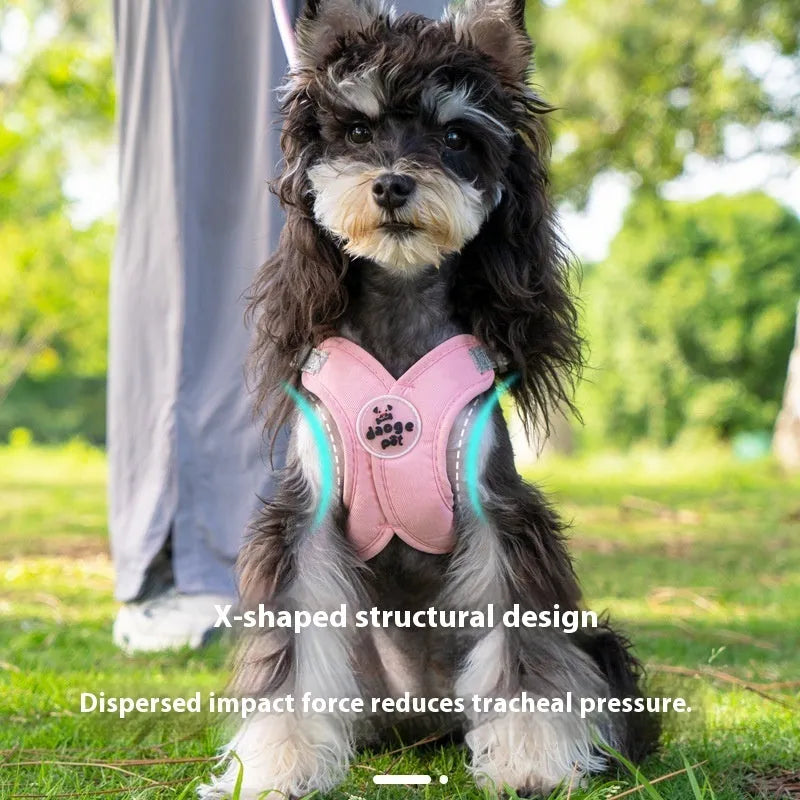 Polyester dog vest and matching lead set in blue, shown on a dog model.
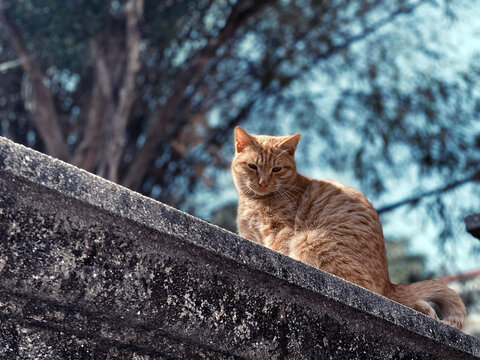 厦门的猫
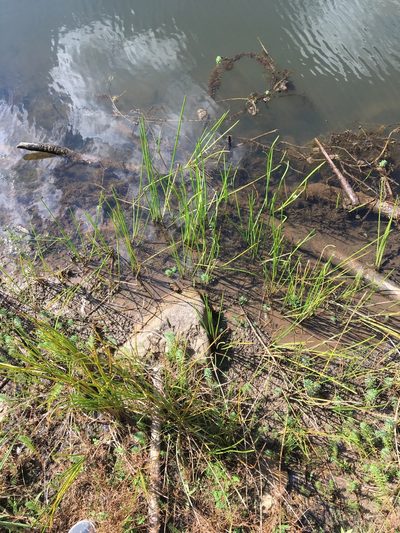 Eleocharis quadrangulata, photographed by anguspritchard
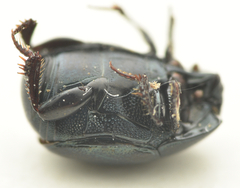 Hypocaccus rugifrons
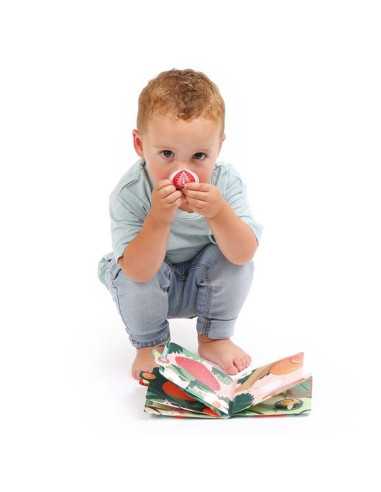 Livre des odeurs fruits - Ludi Livre des odeurs fruits - Ludi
+++
Send back the entries above exactly. Skip the images.

 Polyester dog vest and matching lead set in blue, shown on a dog model.
 厦门的猫
 Eleocharis quadrangulata, photographed by anguspritchard
 Hypocaccus rugifrons
 Livre des odeurs fruits - Ludi Livre des odeurs fruits - Ludi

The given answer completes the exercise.